Working with people you disagree with to enact policy that you believe will improve the country isn’t a negative. In fact, this type of bipartisanship (and cross-ideological engagement regardless of party labels) should be encouraged. Biden is right that we need more civility — and the ability to talk across ideological and partisan gulfs — in our politics.

Moreover, what the Carter example illustrates is that men like Eastland and Stennis were still powerful figures when Biden joined the Senate in 1973. Without the support of the South, secured in part thanks to endorsements from the likes of Wallace, Eastland and Stennis, Carter would have lost the 1976 presidential election. Similarly, thanks to their accrued seniority, these men and their allies had real power over what bills became law. Stennis served in the Senate until 1989, and Biden’s longtime Republican counterpart on the Judiciary Committee, Strom Thurmond (R-S.C.), infamous for his filibuster against the 1957 Civil Rights Act, served until 2003.

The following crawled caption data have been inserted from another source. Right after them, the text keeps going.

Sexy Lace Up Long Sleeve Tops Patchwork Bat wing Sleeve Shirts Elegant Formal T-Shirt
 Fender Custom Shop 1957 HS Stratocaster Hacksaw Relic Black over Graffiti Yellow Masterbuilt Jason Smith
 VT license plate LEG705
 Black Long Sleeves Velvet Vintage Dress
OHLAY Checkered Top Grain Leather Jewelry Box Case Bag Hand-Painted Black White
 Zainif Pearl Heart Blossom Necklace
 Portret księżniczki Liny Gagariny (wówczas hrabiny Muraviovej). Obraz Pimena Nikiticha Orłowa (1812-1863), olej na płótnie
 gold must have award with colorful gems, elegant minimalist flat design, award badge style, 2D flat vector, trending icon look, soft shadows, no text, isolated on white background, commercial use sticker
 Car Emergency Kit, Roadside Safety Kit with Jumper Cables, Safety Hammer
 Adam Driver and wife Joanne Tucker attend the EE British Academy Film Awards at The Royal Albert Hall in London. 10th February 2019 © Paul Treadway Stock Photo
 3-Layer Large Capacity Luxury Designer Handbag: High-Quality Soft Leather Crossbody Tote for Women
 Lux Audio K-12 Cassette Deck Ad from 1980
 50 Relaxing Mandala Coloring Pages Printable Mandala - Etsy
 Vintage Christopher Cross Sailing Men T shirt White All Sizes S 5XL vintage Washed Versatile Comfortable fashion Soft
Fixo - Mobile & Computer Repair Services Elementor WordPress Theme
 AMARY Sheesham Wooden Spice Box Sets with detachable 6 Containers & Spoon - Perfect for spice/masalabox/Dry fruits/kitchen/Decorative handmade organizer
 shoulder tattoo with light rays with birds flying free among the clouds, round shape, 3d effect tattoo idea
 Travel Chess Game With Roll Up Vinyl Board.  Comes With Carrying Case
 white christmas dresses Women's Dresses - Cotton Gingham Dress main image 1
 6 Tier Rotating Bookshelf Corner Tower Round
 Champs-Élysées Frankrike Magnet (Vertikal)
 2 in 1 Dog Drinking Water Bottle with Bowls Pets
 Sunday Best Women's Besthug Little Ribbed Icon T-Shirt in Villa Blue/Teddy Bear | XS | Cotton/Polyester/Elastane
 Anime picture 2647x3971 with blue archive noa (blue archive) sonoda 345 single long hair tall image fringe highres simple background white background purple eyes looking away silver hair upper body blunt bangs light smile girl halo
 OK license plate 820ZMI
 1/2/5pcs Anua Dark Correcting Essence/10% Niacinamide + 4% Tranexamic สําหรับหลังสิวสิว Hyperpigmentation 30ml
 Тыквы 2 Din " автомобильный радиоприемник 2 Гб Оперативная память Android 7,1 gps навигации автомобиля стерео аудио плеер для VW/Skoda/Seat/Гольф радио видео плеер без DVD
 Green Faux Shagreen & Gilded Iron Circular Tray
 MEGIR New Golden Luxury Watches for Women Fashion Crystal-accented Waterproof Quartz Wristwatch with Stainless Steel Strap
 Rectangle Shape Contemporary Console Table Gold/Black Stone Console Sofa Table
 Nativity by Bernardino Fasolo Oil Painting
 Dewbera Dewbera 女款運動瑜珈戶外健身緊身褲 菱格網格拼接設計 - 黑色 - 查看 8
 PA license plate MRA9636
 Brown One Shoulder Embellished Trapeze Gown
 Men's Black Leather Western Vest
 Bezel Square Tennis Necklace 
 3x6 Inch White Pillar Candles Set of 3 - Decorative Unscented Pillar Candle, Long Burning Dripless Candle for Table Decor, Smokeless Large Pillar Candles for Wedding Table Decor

Where Biden erred is in believing such examples of working across ideological lines would be greeted positively today, when all of this historical context has been lost. Such a move is political malpractice. Biden’s long history of working across the partisan divide in an attempt to find solutions to Americans’ problems is a strength. He should be proud of it.

Condemning him for working with the likes of Eastland would be profoundly ahistoric. After all, every senator in the 1970s and 1980s did this sort of thing. It was the only way to get anything done in Congress at the time. But Biden needs to be more politically aware on the campaign trail as to how times have changed, and leave history to the historians.